Veterans of all people, who fought for our country and have been trained in gun use, lose their Second Amendment rights because they need help with government paperwork.
“What it says [is] if you can’t balance a bank account, you can’t handle a firearm. There is no relation between the two,” said Florida Rep. Ken Buck. “So many people have been trapped by this overbroad rule.”
As reported by stars and stripes:
The House voted 240-175 approving the Veterans Second Amendment Protection Act, which will now go to the Senate. Critics of the bill said it would make it easier for veterans with mental illnesses to access firearms, which would increase risk of suicide and pose a danger to families.
“It’s going to result in more deaths, more suicides of veterans throughout this nation,” retired Navy Capt.

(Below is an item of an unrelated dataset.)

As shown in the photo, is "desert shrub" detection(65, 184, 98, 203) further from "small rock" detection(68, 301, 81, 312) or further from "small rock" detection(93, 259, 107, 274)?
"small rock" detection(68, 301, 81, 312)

Mark Kelly said Thursday on a call with reporters.
Kelly, along with his wife Rep. Gabrielle Giffords, D-Ariz., created Americans for Responsible Solutions, a gun-control advocacy group, after she was shot outside a Tucson, Ariz., supermarket in 2011.
Under current law, the Department of Veterans Affairs considers veterans who cannot manage their VA benefits and need another person to help with their finances as “mentally incompetent.” The department reports the names of those veterans to the FBI, which adds them to the National Instant Criminal Background Check System – the national database that gun merchants are required to check before selling a firearm.
“This hastily crafted, overbroad bill does not and will not help our veterans or our communities,” said Rep. Elizabeth Esty, D-Conn., seen here at a House Veterans’ Affairs Committee hearing on March 7, 2017.
The bill would do away with that practice, and instead require the court system to determine whether veterans pose a threat to themselves or others before they’re added to the database.
Rep. Phil Roe, R-Tenn., who sponsored the bill, said the VA was violating veterans’ Second Amendment rights. Rep. Doug Collins, R-Ga., said he worried the current practice was discouraging veterans from seeking VA care out of fear they’d be added to the list.
“The tragedy of veteran suicides has affected families across the country, including my own,” said Rep. Mark Takano, D-Calif., speaking of his uncle, a Vietnam War veteran who committed suicide with a firearm. “To this day, it continues to plague our communities.” Still, Takano conceded there were veterans in the FBI database who shouldn’t be there.
President Donald Trump’s administration issued a statement Thursday stating advisers would recommend Trump sign the bill into law if it passed the Senate.”